A couple of weeks ago, Jenna (you should visit her blog…she’s hilarious) and I started running together in the mornings. What this means is that I am up every morning at 5:15 so I can get out the door and meet Jenna for our morning run. And by “run” I mean I run the 1.5 miles to meet her…then we walk and talk (sometimes we jog) for about 30 minutes, and then I run home.

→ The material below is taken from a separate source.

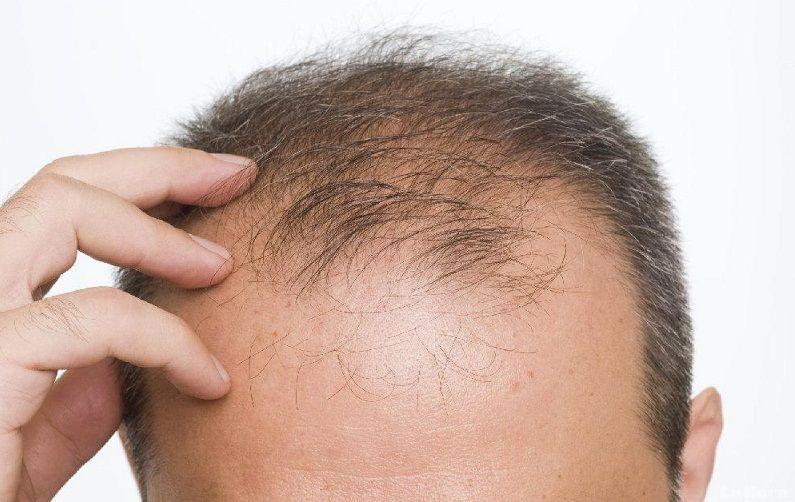 La clonación capilar se perfila como una nueva solución para la alopecia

Initially, the getting up in the morning thing was a little rough. And Jenna, bless her heart, does not have to get up nearly as early as I have to, and yet she does. But now, it’s like my morning coffee (or Diet Coke, in my case). It wakes me up. It starts my day off exactly as a day should start…with a body pumped full of endorphins. And I get to work out all of my little issues (anxiety, stress, whatever the issue of the day might be) before I do anything else.
Jenna’s in Utah this week. I’m super sad. But I’m determined to continue the exercising, because not only has it benefited me in all the ways I’ve listed, I have found that my weird mood swings have stabilized quite a bit. And I have fallen in love with exercise again. I mean, in LOVE. And it has become my go to medicine.
Case in point. Yesterday, I got back from a lovely trip to Rhode Island (same as last year with some new and different people, oh and a hurricane) and I was seriously depressed for a multiplicity of reasons. Like, lying on my bed, crying into my pillow depressed. Let’s be honest, I was pretty tired, too. Anyway, I was going to just lie there crying, but then I had this lovely vision of a bike ride and off I went. And two loops around Central Park later, I was fine.
Now, I just need to not forget this. Somehow, when life gets busy and stressful and I need exercise the most, it’s the first thing to go. I’m hoping between Jenna and playing on two soccer teams this fall that this will not happen. The question is, will she still be willing to meet me at the butt crack of dawn when the world is freezing and covered in snow/ice. (I’m thinking probably not, since she basically told me as much, but a girl can dream, right…?)
I need to do this. It's just sooooo early.